Her duygunun bireyin yaşamında bir işlevi vardır. Hiçbir duygu gereksiz değildir. Duygular bize neye ihtiyacımız olduğunu gösterir. Hatta olumsuz olarak nitelediğimiz duyguların dahi yaşamımızdaki anlam ve önemi büyüktür.
Örneğin utanç duygusu, başkalarına verdiğimiz değerin bir göstergesidir. Diğer insanlara değer vermesek utanmazdık. Yine suçluluk duygusu, ilke ve değer yargılarımızın olduğunu gösterir. İlkelerimiz ve değerlerimiz olmasaydı hiçbir şekilde suçluluk duymazdık.

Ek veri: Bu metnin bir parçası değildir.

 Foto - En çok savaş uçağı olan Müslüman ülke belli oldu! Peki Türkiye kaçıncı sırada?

Öfke duygusu da bu anlamda olumsuz duygulardan birisi olarak kabul edilir. Ancak öfke de diğer duygular gibi evrensel bir duygudur ve birey açısından pek çok işlevi söz konusudur. Öfke kontrol edilebildiği ve uygun bir şekilde ifade edilebildiği sürece sağlıklı ve gerekli bir duygudur. Öfkeyi bir yol gösterici ve işaretçi olarak değerlendirebiliriz. Öfke pek çok şeye işaret eder. Eğer sürekli bir öfkelilik hali yaşıyorsak, bunun bize anlatmak istediği pek çok şey var demektir.
Örneğin öfkeli olmak;
·         İncindiğimizi,
·         Haksızlığa uğradığımızı,
·         İhtiyaç ve isteklerimizin doğru şekilde karşılanmadığını,
·         İlişkilerimizde çok şeyi feda ettiğimizi,
·         Başa çıkabileceğimizden çok fazla yükümüzün olduğunu,
·         Hayal kırıklığına uğradığımızı,
·         Yalnızlık ve itilmişlik hissettiğimizi,
·         Anlaşılmadığımızı,
·         Engellendiğimizi gösteriyor olabilir.

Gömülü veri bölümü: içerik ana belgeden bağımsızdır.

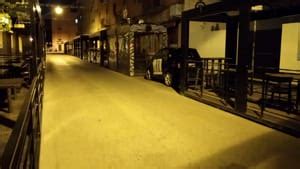 Food Beverage Ecco Il Progetto Di Confesercenti Per La Zona Pub Di Latina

Tüm bunlar, öfke duygusunun ortaya çıkmasına neden olabilir. Birey için önemli olan, ilk olarak öfke duygusunu arkasında yatan bu nedenleri iyi tespit etmek olmalıdır. Neden öfkelendiğini anlamak, neredeyse yarı yarıya sorunu çözmek gibidir. Farkındalık, belli oranda rahatlama sağlayacaktır.
Öfkenin nasıl ifade edildiği de başlı başına önemli bir sorundur. Öfke, genel olarak üç şekilde ifade edilmektedir. Bu üç yol da öfkeyle baş etmede kullanılabilecek yanlış yollardır.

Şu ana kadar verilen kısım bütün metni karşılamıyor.